Go through the material and copy each line in which the word "Accommodation" shows up.

== Segment start ==

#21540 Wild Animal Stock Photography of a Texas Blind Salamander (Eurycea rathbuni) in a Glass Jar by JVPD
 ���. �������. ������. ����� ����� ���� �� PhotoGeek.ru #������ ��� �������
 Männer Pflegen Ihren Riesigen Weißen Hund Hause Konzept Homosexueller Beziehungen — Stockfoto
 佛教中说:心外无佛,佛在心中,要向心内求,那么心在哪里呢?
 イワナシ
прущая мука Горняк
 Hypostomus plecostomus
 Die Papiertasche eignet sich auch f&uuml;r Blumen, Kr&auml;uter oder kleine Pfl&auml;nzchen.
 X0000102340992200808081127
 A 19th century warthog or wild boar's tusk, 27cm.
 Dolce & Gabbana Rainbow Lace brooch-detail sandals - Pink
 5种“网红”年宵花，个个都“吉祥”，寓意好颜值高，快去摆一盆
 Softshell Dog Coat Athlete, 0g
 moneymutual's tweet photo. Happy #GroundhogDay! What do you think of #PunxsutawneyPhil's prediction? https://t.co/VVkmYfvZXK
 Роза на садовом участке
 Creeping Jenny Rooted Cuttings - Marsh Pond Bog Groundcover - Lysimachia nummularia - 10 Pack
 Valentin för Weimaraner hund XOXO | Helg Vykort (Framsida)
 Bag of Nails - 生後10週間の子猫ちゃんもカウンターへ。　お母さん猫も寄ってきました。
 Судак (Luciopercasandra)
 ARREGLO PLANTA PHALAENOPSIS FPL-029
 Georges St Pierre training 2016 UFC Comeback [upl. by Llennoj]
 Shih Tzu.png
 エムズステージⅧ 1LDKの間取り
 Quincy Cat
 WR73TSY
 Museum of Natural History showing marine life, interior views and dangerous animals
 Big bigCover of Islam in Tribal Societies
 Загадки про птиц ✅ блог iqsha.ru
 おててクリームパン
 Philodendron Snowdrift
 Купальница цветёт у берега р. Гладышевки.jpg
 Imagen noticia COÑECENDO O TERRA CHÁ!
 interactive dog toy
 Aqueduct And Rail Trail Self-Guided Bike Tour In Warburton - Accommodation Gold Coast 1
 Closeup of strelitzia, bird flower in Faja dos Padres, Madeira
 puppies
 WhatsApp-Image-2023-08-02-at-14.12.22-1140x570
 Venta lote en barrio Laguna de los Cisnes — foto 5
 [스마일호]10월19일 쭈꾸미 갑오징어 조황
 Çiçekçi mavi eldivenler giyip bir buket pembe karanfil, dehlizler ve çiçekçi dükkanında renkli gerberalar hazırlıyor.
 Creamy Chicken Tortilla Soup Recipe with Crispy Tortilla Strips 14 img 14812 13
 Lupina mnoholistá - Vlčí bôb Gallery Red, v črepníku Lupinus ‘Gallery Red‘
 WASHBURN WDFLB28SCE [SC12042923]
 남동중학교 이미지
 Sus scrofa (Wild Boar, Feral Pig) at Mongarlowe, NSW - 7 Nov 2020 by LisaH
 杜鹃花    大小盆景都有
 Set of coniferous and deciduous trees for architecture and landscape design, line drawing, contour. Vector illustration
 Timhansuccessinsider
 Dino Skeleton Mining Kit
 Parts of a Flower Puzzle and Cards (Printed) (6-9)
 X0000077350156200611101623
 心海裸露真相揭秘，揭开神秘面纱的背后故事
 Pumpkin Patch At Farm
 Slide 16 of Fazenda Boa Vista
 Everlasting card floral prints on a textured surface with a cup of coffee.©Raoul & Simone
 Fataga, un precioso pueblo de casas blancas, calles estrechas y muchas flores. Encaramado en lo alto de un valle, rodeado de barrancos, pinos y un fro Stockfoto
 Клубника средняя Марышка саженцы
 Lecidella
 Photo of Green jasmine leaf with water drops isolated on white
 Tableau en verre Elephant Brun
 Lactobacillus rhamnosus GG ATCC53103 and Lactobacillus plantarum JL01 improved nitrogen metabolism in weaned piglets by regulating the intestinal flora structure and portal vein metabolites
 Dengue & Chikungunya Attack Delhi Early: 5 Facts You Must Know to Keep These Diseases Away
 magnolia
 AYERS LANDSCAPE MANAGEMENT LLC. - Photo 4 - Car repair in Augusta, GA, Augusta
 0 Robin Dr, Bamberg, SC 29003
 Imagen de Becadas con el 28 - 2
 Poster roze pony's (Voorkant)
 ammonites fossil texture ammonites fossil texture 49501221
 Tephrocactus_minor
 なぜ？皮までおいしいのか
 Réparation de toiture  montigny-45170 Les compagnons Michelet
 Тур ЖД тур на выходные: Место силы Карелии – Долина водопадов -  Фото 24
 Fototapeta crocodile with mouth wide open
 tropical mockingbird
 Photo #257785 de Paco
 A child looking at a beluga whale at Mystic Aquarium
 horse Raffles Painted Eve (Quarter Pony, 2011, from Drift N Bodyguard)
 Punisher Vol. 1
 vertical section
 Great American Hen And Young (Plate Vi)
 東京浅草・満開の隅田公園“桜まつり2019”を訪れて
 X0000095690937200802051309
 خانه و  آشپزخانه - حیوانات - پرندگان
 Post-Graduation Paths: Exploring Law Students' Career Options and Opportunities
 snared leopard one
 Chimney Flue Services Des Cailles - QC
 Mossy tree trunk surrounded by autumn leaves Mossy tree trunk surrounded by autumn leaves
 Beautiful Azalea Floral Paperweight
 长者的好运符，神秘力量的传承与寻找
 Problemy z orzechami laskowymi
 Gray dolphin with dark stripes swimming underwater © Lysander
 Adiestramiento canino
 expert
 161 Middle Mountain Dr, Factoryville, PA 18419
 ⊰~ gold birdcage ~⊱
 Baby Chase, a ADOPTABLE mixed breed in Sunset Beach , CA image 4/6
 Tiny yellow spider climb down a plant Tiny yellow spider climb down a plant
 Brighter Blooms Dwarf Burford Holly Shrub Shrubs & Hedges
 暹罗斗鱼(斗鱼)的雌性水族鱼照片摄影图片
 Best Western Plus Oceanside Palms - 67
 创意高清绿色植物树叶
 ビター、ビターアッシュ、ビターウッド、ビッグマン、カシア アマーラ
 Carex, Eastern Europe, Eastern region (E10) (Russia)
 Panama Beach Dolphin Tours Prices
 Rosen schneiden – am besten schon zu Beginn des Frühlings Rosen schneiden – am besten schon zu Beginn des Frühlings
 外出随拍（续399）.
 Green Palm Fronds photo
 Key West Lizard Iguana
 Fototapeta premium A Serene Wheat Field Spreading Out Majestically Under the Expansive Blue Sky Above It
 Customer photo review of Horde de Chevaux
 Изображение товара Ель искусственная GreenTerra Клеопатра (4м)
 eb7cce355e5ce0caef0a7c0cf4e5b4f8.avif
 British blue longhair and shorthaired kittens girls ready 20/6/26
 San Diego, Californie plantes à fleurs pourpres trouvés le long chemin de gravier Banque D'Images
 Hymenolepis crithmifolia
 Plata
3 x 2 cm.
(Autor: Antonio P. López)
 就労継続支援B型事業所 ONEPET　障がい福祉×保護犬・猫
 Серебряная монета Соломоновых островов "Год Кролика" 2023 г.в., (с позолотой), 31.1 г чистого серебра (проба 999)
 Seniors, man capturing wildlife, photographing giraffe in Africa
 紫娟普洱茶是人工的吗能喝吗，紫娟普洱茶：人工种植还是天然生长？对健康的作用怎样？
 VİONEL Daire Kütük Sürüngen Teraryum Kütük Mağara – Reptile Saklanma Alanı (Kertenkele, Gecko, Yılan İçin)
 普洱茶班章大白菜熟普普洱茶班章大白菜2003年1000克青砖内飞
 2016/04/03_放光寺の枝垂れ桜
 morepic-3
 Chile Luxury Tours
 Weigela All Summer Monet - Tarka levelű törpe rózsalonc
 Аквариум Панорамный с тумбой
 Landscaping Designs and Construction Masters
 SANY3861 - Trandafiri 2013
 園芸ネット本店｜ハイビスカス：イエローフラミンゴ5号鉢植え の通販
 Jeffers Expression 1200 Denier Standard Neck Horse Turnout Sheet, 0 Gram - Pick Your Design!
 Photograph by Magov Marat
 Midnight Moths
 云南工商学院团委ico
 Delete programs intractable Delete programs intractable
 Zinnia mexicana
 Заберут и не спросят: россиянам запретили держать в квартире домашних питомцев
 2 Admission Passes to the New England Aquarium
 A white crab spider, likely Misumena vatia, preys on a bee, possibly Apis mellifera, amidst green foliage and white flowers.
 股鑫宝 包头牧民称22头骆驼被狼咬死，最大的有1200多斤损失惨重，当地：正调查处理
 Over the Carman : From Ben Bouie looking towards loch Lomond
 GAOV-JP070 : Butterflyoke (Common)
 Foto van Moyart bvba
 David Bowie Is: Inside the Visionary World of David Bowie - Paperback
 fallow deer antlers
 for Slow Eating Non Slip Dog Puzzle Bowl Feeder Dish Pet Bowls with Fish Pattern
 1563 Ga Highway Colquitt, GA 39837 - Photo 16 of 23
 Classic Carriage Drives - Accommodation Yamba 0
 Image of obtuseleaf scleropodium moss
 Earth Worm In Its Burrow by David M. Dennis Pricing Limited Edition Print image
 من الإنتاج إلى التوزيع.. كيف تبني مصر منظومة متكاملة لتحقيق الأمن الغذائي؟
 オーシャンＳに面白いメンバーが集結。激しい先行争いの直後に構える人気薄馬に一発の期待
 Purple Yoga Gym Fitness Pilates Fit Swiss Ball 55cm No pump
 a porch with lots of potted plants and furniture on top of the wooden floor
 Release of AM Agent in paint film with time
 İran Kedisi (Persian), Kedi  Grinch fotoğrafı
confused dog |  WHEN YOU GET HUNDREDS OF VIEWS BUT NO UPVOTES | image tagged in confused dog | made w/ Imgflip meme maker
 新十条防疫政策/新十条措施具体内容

== Segment end ==

▶ _OUTPUT FOR THIS TASK_
 Aqueduct And Rail Trail Self-Guided Bike Tour In Warburton - Accommodation Gold Coast 1
 Classic Carriage Drives - Accommodation Yamba 0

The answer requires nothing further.